Search code examples
sed

Filter a line through an external program


I have a source code management system where I write annotated source and use sed to convert that into pure source, markdown documentation, and test cases.

I would like to have an annotation that allowed me to write

other text...
PR(
eval (internal);e expr env env -> val
PR)
other text...

and end up having the string inside PR tags converted into a table:

other text...
<table>
  <thead>
    <tr>
      <th colspan="2">eval (internal)</th>
    </tr>
  </thead>
  <tr>
    <td>e</td>
    <td>a Lisp expression</td>
  </tr>
  <tr>
    <td>env</td>
    <td>an Environment</td>
  </tr>
  <tr>
    <td><i>Returns:</i></td>
    <td>val</td>
  </tr>
</table>
other text...

editor's note (@Fravadona): the indentation doesn't matter in the expected output.

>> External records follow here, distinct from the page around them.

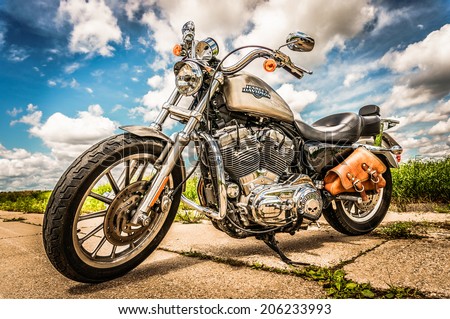 RUSSIA-JULY 7, 2013: Harley-Davidson Sportster 883 Low. Harley-Davidson sustains a large brand community which keeps active through clubs, events, and a museum. Filter applied in post-production.
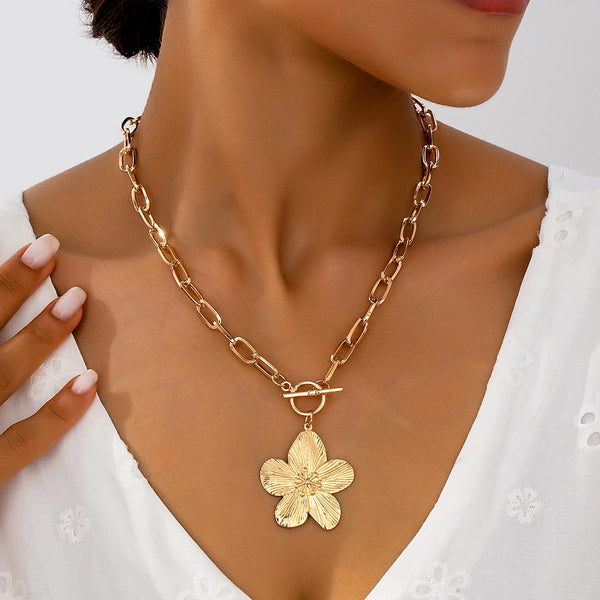Goldkette mit Vintage-Wisteria-Blüten-Anhänger um den Hals getragen.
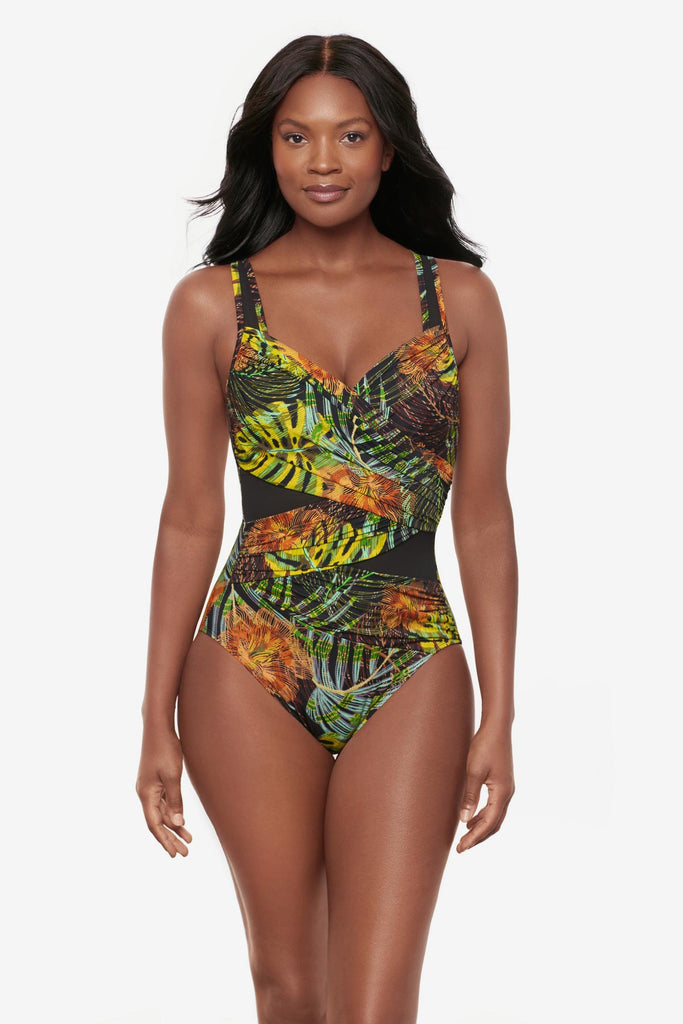 Woman wearing a multicolored palm leaf printed one-piece swimsuit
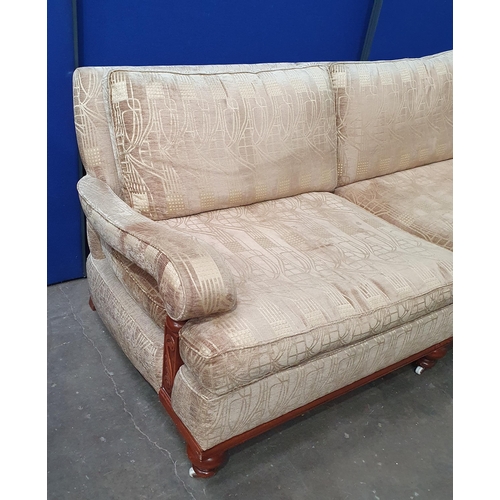 840 - An upholstered Settee with scrolled arms, gold upholstery and raised on turned supports, 7ft W x 3t ...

The basic algorithm is to take the text before the ; to be the header, and the rest of the line is looked at two tokens at a time. If the first token is a name, it is put inside td as is. If it is "->", the "Returns:" text goes in the td. The second token is a key into a dictionary that goes something like this:

env   -> an Environment
val   -> a Lisp value
vals  -> some Lisp values
lvals -> a Lisp list of Lisp values
num   -> a number
nums  -> some numbers
...

Accessing the dictionary is done by keeping a key/value pair of C strings and traversing them with strcmp()..

I may have reached the end of my sed skills here, I don't even know if it is possible. I have written the conversion program myself in C, but don't know how to plug it in with sed.

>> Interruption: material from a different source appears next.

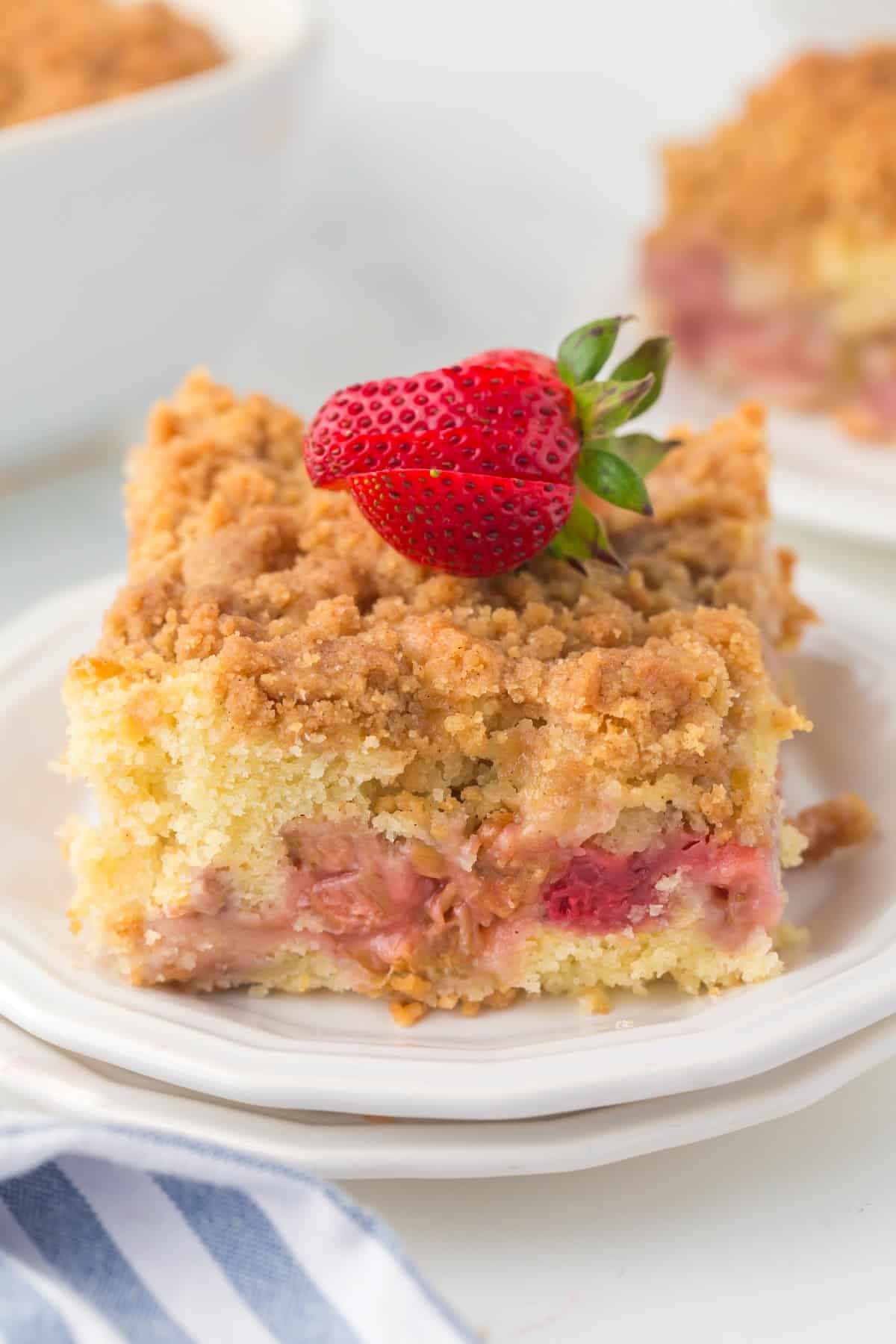 Square of Strawberry Rhubarb Cake on a plate.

I'm experimenting with the e command of sed. This works:

cat constcl.md | sed 's/\(eval (.*);.*\)/printf "%s" "$(echo "\1" | tr e i)"/e' |less

But if I try to simplify the regex or substitute my own command, it all goes bonkers.


Solution

  • I have to say, sed isn't ideal for this task. An Awk/Python/Perl/etc solution is probably required.

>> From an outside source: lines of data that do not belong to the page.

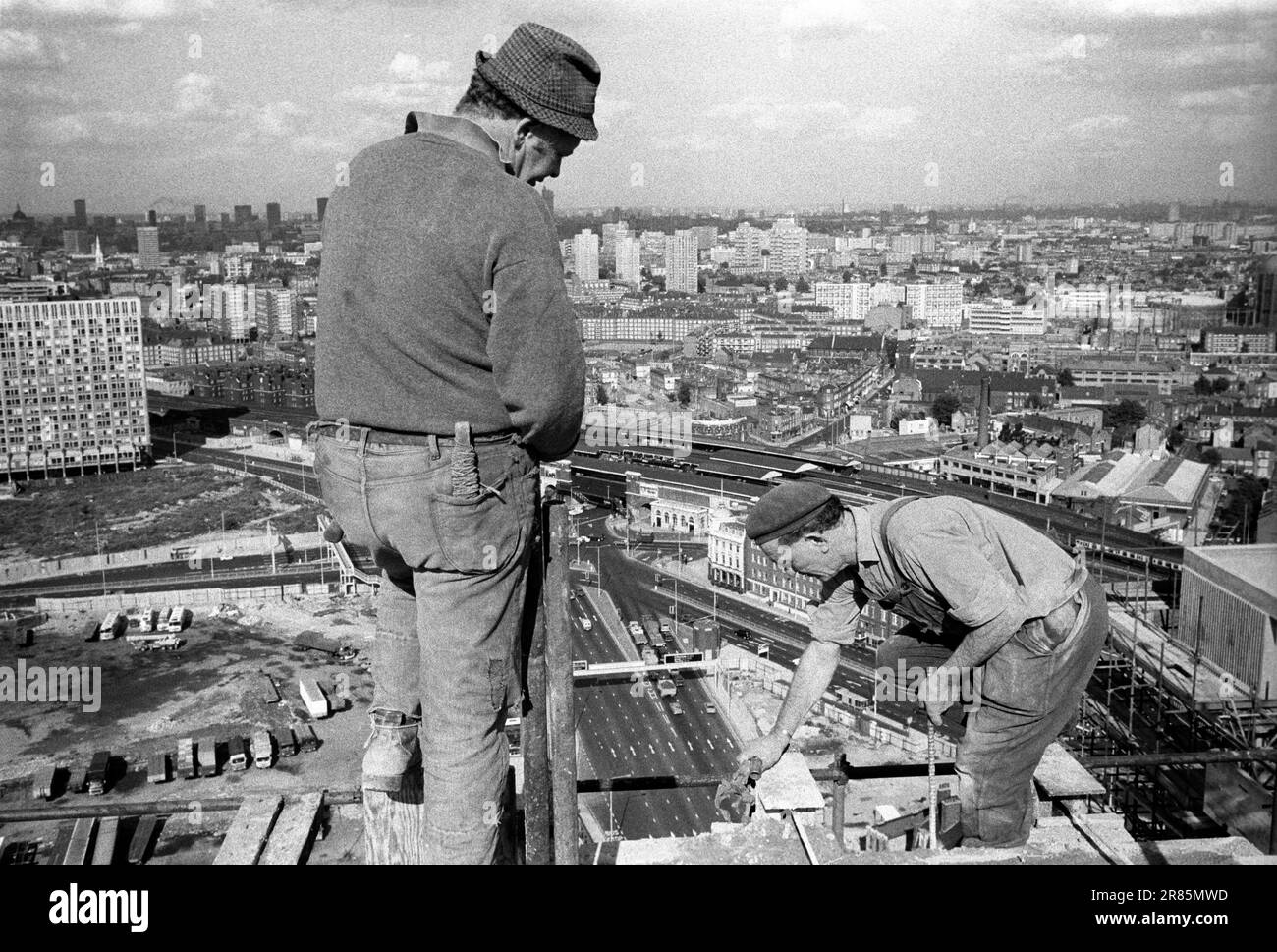 Vista del paesaggio urbano di Londra degli anni '1970 Un navvie navvy irlandese, un operaio edile in cima e che lavora su un blocco torre Nine Elms. Vauxhall Cross sotto di loro e lo skyline del sud di Londra. Londra, Inghilterra 1974 Regno Unito. HOMER SYKES Foto Stock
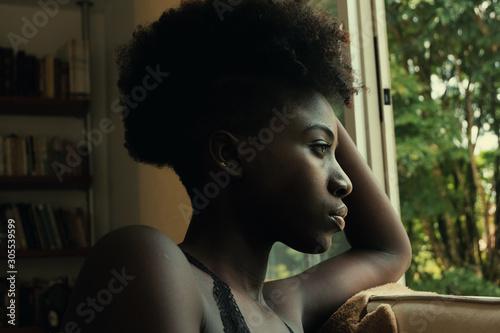 Side view of African American mysterious disappointed resentful sad woman looking out windows photo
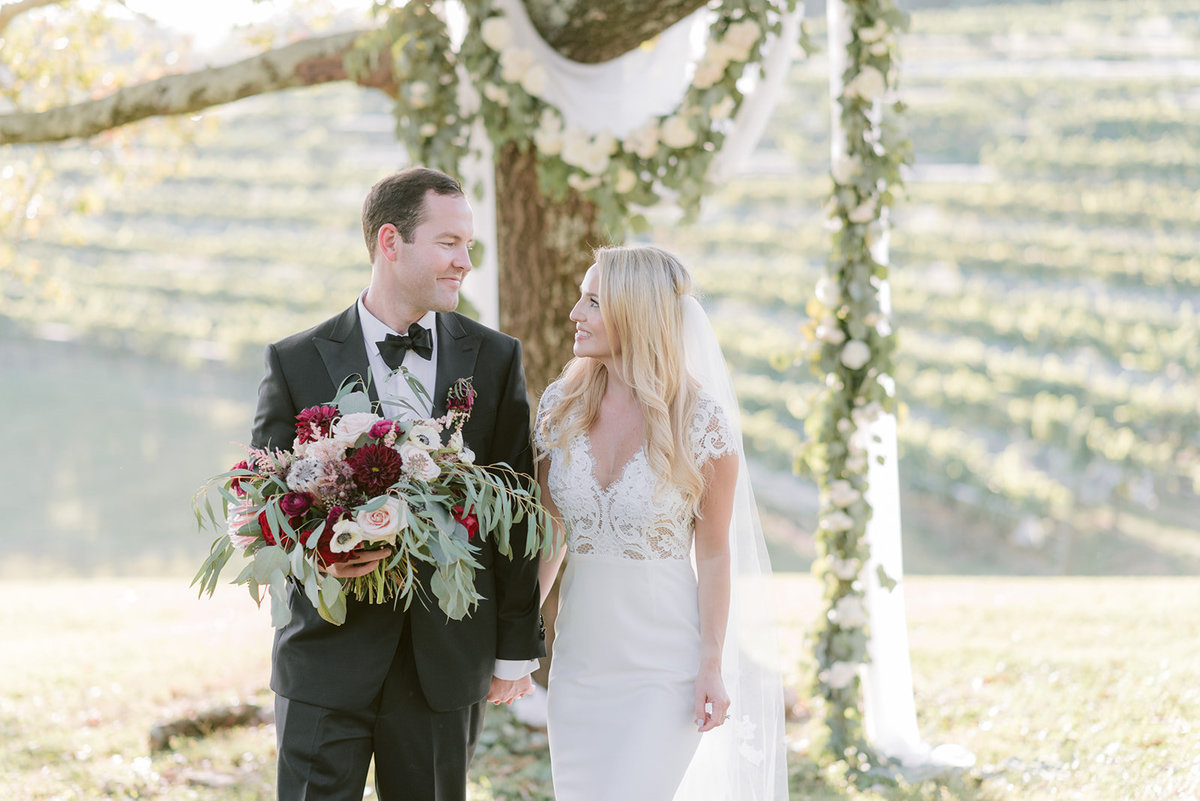Montaluce winery and restaurant with white flowers and garland and burgundy bouquet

    Let's assume that your dictionary is stored in a dict.txt file with this format:

    env   -> an Environment
    val   -> a Lisp value
    vals  -> some Lisp values
    lvals -> a Lisp list of Lisp values
    num   -> a number
    nums  -> some numbers
    expr  -> an Expression
    

    And that your "template" in the following template.txt file:

    other text...
    PR(
    eval (internal);e expr env env -> val
    PR)
    other text...
    

    Then here's how you could expand the PR blocks using Awk.
    The main idea is to load the key/values from dict.txt first, and then process template.txt to generate the HTML tables. But don't forget to escape your strings for HTML-text!!! I added a function for it.

    awk '
        # remove the potential CR characters in the input line
        { gsub(/\r/, ""); }
    
        # load the key/values pairs from dict.txt
        # NOTE: NR is equal to FNR only while processing the first file
        NR == FNR {
            if (match($0, /[[:space:]]*->[[:space:]]*/))
                dict[substr($0, 1, RSTART-1)] = substr($0, RSTART+RLENGTH);
            next;
        }
    
        # expand the PR blocks as HTML tables in the remainder file(s)
        $1 == "PR(" { inside_pr_block = 1; next; }
        $1 == "PR)" { inside_pr_block = 0; next; }
        inside_pr_block {
            if (match($0, /;/)) {
                printf "<table>";
                th = substr($0, 1, RSTART-1);
                printf "<thead><tr colspan=2><th>%s</th></tr></thead>", \
                    html_textify(th);
                $0 = substr($0, RSTART+RLENGTH);
                for (i = 1; i <= NF; i += 2) {
                    td1 = ($i == "->" ? "Returns:" : $i);
                    td2 = dict[$(i+1)];
                    printf "<tr><td>%s</td><td>%s</td></tr>", \
                        html_textify(td1), html_textify(td2);
                }
                print "</table>";
            }
            next;
        }
    
        # output non PR lines
        { print; }
    
        # minimalist function that encodes a string as HTML text
        function html_textify(str) {
            gsub(/&/, "\\&amp;", str);
            gsub(/</, "\\&lt;", str);
            gsub(/>/, "\\&gt;", str);
            return str;
        }
    ' dict.txt template.txt
    

    With the given input files, Awk outputs (the indentation is added by me):

    other text...
    <table>
      <thead>
        <tr colspan=2>
          <th>eval (internal)</th>
        </tr>
      </thead>
      <tr>
        <td>e</td>
        <td>an Expression</td>
      </tr>
      <tr>
        <td>env</td>
        <td>an Environment</td>
      </tr>
      <tr>
        <td>Returns:</td>
        <td>a Lisp value</td>
      </tr>
    </table>
    other text...